===== Source material =====
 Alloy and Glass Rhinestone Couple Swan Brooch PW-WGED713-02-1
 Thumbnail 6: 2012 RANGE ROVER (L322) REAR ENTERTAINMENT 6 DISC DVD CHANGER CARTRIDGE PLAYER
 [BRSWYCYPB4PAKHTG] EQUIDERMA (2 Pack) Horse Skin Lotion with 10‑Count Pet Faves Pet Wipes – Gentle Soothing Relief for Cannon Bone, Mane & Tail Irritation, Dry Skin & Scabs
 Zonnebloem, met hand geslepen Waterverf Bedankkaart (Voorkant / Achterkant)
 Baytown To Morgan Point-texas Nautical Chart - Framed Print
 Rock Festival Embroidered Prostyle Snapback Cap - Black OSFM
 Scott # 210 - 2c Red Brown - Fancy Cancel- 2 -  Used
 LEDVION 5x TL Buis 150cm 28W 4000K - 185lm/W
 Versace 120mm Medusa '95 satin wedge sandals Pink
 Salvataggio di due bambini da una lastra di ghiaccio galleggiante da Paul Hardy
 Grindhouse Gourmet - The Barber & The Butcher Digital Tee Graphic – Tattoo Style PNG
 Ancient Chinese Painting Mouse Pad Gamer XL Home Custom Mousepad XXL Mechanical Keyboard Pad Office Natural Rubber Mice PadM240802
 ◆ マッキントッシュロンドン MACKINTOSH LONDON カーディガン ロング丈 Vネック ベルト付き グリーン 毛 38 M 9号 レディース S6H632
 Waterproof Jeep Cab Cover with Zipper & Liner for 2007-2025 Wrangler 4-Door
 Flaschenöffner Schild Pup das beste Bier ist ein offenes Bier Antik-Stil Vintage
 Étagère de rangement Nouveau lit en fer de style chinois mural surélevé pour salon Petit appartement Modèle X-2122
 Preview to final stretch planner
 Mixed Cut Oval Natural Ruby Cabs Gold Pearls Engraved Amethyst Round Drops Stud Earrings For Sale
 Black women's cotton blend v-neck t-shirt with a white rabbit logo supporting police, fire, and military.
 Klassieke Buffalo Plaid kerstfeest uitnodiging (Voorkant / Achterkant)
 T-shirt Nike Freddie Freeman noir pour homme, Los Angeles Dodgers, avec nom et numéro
=====
* Description of the task
Please transcribe the records exactly from their first line through the line holding "Thumbnail 6: 2012", and leave out all others.

* Answer space
 Alloy and Glass Rhinestone Couple Swan Brooch PW-WGED713-02-1
 Thumbnail 6: 2012 RANGE ROVER (L322) REAR ENTERTAINMENT 6 DISC DVD CHANGER CARTRIDGE PLAYER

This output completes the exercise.